The Eketahuna Public School is situate in the heart of the township, near to the public library. The number of pupils on the roll is 172, while the average attendance is 150. The school was, till August, 1896, under the control of Mr. Joseph Harrison Worboys, who exchanged places with Mr. George S. M. McDermid, of the Kilbirnie School, and whose career is referred to on page 800 of this volume. Mr. McDermid is assisted in the working of the school by four assistants and pupil teachers. The building has four rooms, and a very good corridor, the head master's residence being adjacent to the school.
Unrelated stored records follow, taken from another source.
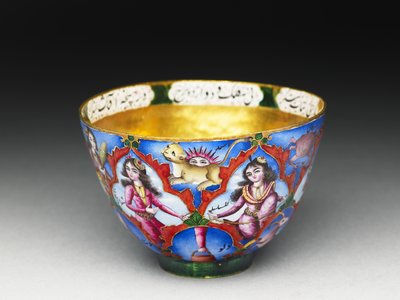 Skål med lokk, tallerken og skje med astrologisk dekorasjon, tidlig 1800-tall av Baqir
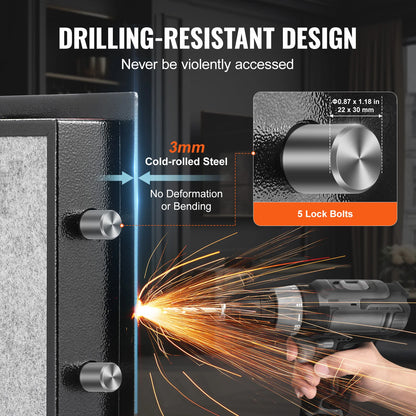 Veiligheidskluis - Kluis - Sleutelkluis - Sleutelkastje - 4CU.FT - met Dubbele Toegang– Sleutel & Wachtwoord -  Brandwerende Opbergbox met LED & Sleutelrek - QUORE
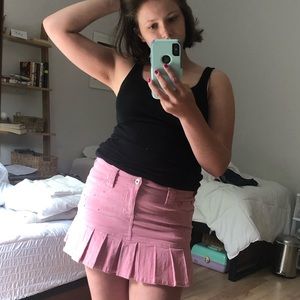 Cute Corduroy Pink Pleated Miniskirt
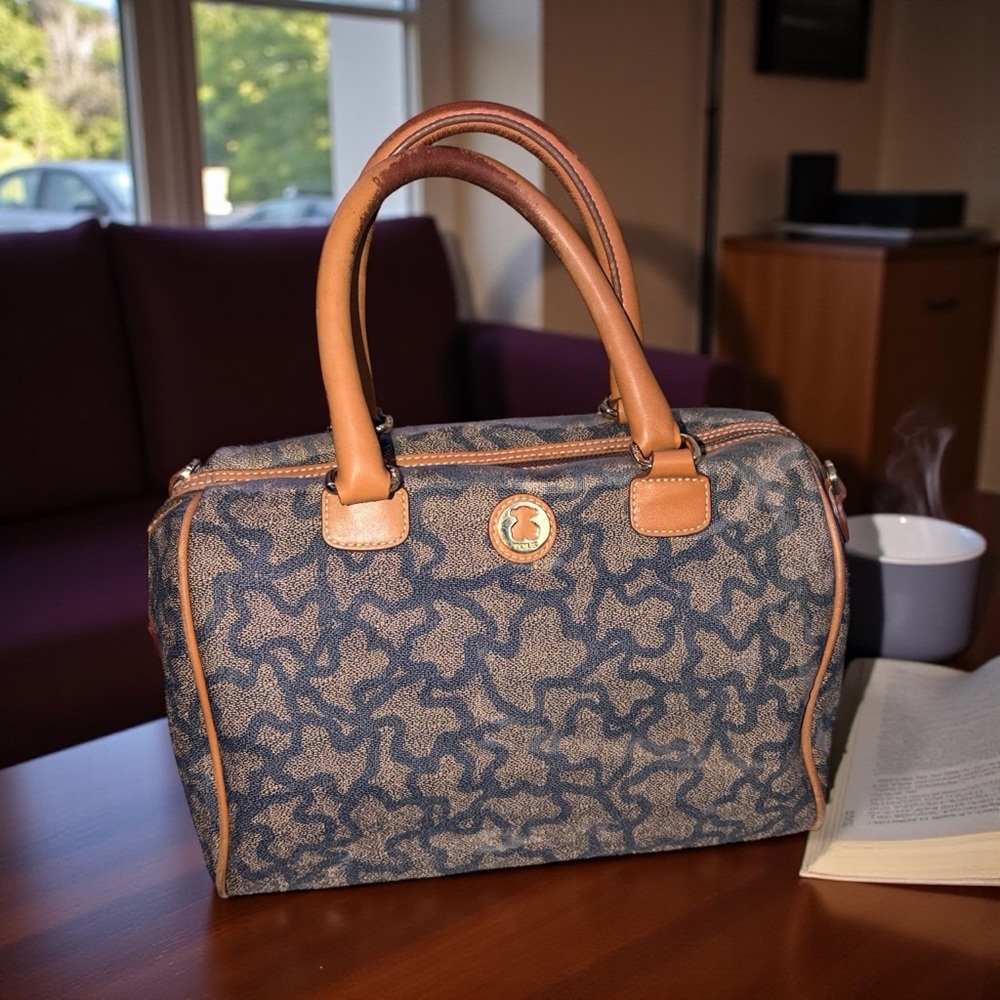 🅣🅞🅤🅓▪️Stylish Blue and Tan Women's Handbag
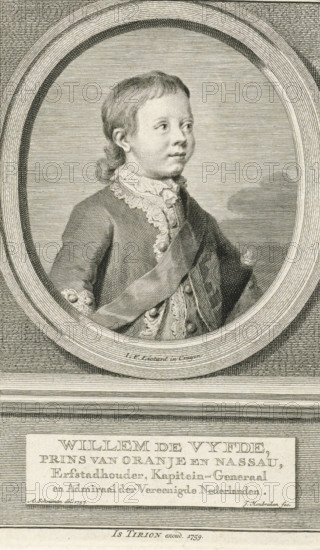 Portrait of William V, Prince of Orange-Nassau, print, printmaker: Jacob Houbraken, Amsterdam, after drawing by Jean-Etienne Liotard, after drawing by Aert Schouman, publisher: Isaak Tirion, 1759, paper, engraving, etching, engraving and etching, height 185 mm x width 118 mm, Print also used in: Jan Wagenaar, Vaderlandsche historie, containing the histories of the now United Netherlands, in particular that of Holland, 21 parts. Amsterdam, 1749-59., Person, William V (Prince of Orange-Nassau), An engraved oval portrait of a young figure shown from the chest up, wearing a decorated coat with lace at the collar and cuffs and a sash draped across the torso, set within a thick oval frame against a lined background, with a rectangular panel beneath the frame containing large engraved lettering and smaller text below it.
The Wesleyan Church, Eketahuna, occupies a good site about midway between the railway station and the main business centre of the town. The cause was started in 1880, but it was not until eight years later that the church was erected. The size of the building is forty feet by twenty feet, and the seating accommodation is sufficient for 130. It is well filled in fine weather, and a new church to hold 250 is shortly to be erected at a cost of £350. The Sunday school is composed of about sixty scholars, four teachers and a superintendent—Mr. Jones, the well-known storekeeper.

The Rev. Lawrence John Ryan, the Resident Wesleyan Minister of Eketahuna, was born in Jersey, Channel Islands, in 1870, and is the son of Mr. Lawrence Ryan, of Christchurch, who came to the Colony in 1870. The reverend gentleman was educated at the Normal School, Christchurch, and at Way College, Adelaide, S.A. His first circuit was the lake district of Central Otago, where he remained for a year, when he was called to Eketahuna, in April, 1896. He is now in his last year of probation, two years being allowed in consideration of his special work during his college term.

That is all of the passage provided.